Democratic challenger Seth Fleetwood could have a hard race ahead of him if he hopes to beat incumbent Republican state Sen. Doug Ericksen in the race for the 42nd legislative district.
As of 3:36 p.m. Wednesday, Aug. 6, Ericksen had 56 percent of the vote to Fleetwood's 44 percent in the primary.
Those results don't include an estimated 5,000 uncounted ballots and an unknown number of mail-in ballots. The count won't be certified until Aug. 19.
Fleetwood said he was hoping to get around 45 percent, and was happy with the results
"It means we keep working," he said. "I'm feeling good. I'm feeling enthused."
Ericksen, who has served six terms in the state House and one term in the Senate, was confident he would remain atop the vote count.
"I think the election went really well last night," he said Wednesday. "The early trends tend to stay pretty consistent."
As The Bellingham Herald reported in July, in two-person races for the Legislature since 2008, the primary has been a strong predictor of who would win the general election. Over three election cycles (2008, 2010 and 2012), in 190 of 194 races with two candidates, the winner of the primary went on to win the general.
Fleetwood said he thinks the numbers forecast a close general election, where Democrats can sometimes gain several points.
"Primary votes favor Republicans," Fleetwood said. "It's in the neighborhood of where we thought we would be. We're in the game."
Republicans had effective control of the state Senate in the last legislative session after two Democrats agreed to join them in a coalition and vote with Republicans on most significant matters.
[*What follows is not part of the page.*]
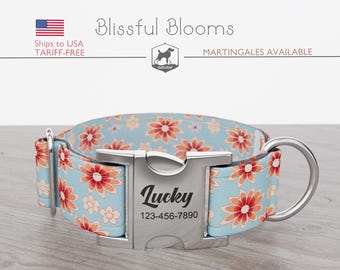 Personalized Wide Dog Collar 1, 1.5, 2 inch, Floral Pattern, Summer, Blue Orange Color, Blissful Blooms, Quick Release Metal Buckle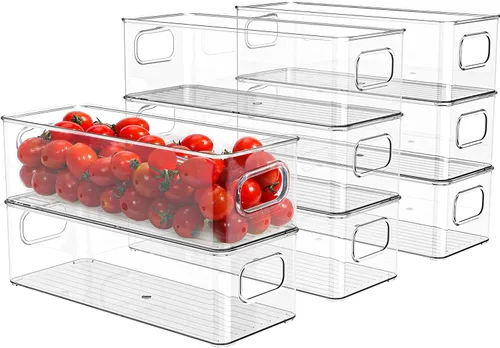 Vista 9 de Contenedor apilable de plástico para almacenamiento de alimentos con asas para despensa de cocina, gabinete, refrigerador, congelador, organizador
Democrats controlled the House.
Democrats need to gain two seats in the Senate if they hope to form a majority in the next session, but Republicans appeared likely to remain in the lead in several contested seats based on early results.
"Everybody came in with very solid numbers last night, from 57 percent down to 54 percent," Ericksen said of races involving members of the statewide Republican caucus.
"I'm happy, but we're not taking anything for granted," he said. "We're going to go full speed through November 5."